RE: ICU for global collation - Mailing list pgsql-hackers

From Shinoda, Noriyoshi (PN Japan FSIP)
Subject RE: ICU for global collation
Date
Msg-id PH7PR84MB1885646854837E4E7EC339BFEE129@PH7PR84MB1885.NAMPRD84.PROD.OUTLOOK.COM
Whole thread Raw
In response to Re: ICU for global collation  (Peter Eisentraut <peter.eisentraut@enterprisedb.com>)
Responses Re: ICU for global collation
List pgsql-hackers
Hi, 
Thank you to all the developers.
I found that the description of the pg_database.daticulocale column was not written in the documentation. 
The attached small patch adds a description of the daticulocale column to catalogs.sgml.

Regards,
Noriyoshi Shinoda
-----Original Message-----
From: Peter Eisentraut <peter.eisentraut@enterprisedb.com> 
Sent: Thursday, March 17, 2022 7:29 PM
To: Julien Rouhaud <rjuju123@gmail.com>
Cc: pgsql-hackers <pgsql-hackers@postgresql.org>; Daniel Verite <daniel@manitou-mail.org>
Subject: Re: ICU for global collation

On 15.03.22 08:41, Julien Rouhaud wrote:
>>>> The locale object in ICU is an identifier that specifies a 
>>>> particular locale and has fields for language, country, and an 
>>>> optional code to specify further variants or subdivisions. These 
>>>> fields also can be represented as a string with the fields separated by an underscore.
>>
>> I think the Localization chapter needs to be reorganized a bit, but 
>> I'll leave that for a separate patch.
> 
> WFM.

I ended up writing a bit of content for that chapter.

>>> While on that topic, the doc should probably mention that default 
>>> ICU collations can only be deterministic.
>>
>> Well, there is no option to do otherwise, so I'm not sure where/how 
>> to mention that.  We usually don't document options that don't exist. 
>> ;-)
> 
> Sure, but I'm afraid that users may still be tempted to use ICU 
> locales like
> und-u-ks-level2 from the case_insensitive example in the doc and hope 
> that it will work accordingly.  Or maybe it's just me that still sees 
> ICU as dark magic and want to be extra cautious.

I have added this to the CREATE DATABASE ref page.

> Unrelated, but I just realized that we have PGC_INTERNAL gucs for 
> lc_ctype and lc_collate.  Should we add one for icu_locale too?

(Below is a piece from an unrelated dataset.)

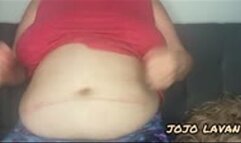 My first ever belly punching video !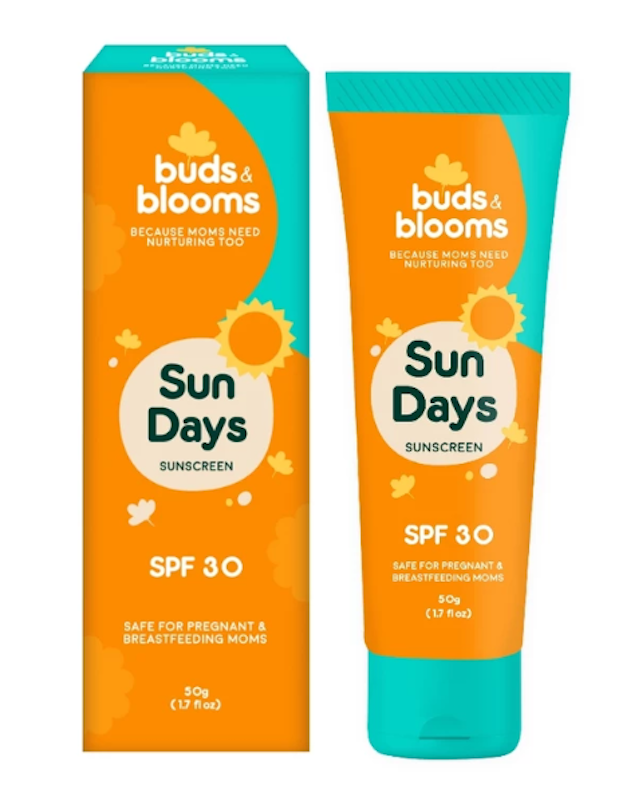 Sun Days Sunscreen Safe for Pregnant & Breastfeeding Moms 50 g 1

I'm not sure.  I think the existing ones are more for backward compatibility with the time before it was settable per
database.

>>> in AlterCollation(), pg_collation_actual_version(), 
>>> AlterDatabaseRefreshColl() and pg_database_collation_actual_version():
>>>
>>> -   datum = SysCacheGetAttr(COLLOID, tup, Anum_pg_collation_collcollate, &isnull);
>>> -   Assert(!isnull);
>>> -   newversion = get_collation_actual_version(collForm->collprovider, TextDatumGetCString(datum));
>>> +   datum = SysCacheGetAttr(COLLOID, tup, collForm->collprovider == COLLPROVIDER_ICU ?
Anum_pg_collation_colliculocale: Anum_pg_collation_collcollate, &isnull);
 
>>> +   if (!isnull)
>>> +       newversion = get_collation_actual_version(collForm->collprovider, TextDatumGetCString(datum));
>>> +   else
>>> +       newversion = NULL;
>>>
>>> The columns are now nullable, but can you actually end up with a 
>>> null locale name in the expected field without manual DML on the 
>>> catalog, corruption or similar?  I think it should be a plain error 
>>> explaining the inconsistency rather then silently assuming there's 
>>> no version.  Note that at least
>>> pg_newlocale_from_collation() asserts that the specific libc/icu 
>>> field it's interested in isn't null.
>>
>> This is required because the default collations's fields are null now.
> 
> Yes I saw that, but that's a specific exception.  Detecting whether 
> it's the DEFAULT_COLLATION_OID or not and raise an error when a null 
> value isn't expected seems like it could be worthwhile.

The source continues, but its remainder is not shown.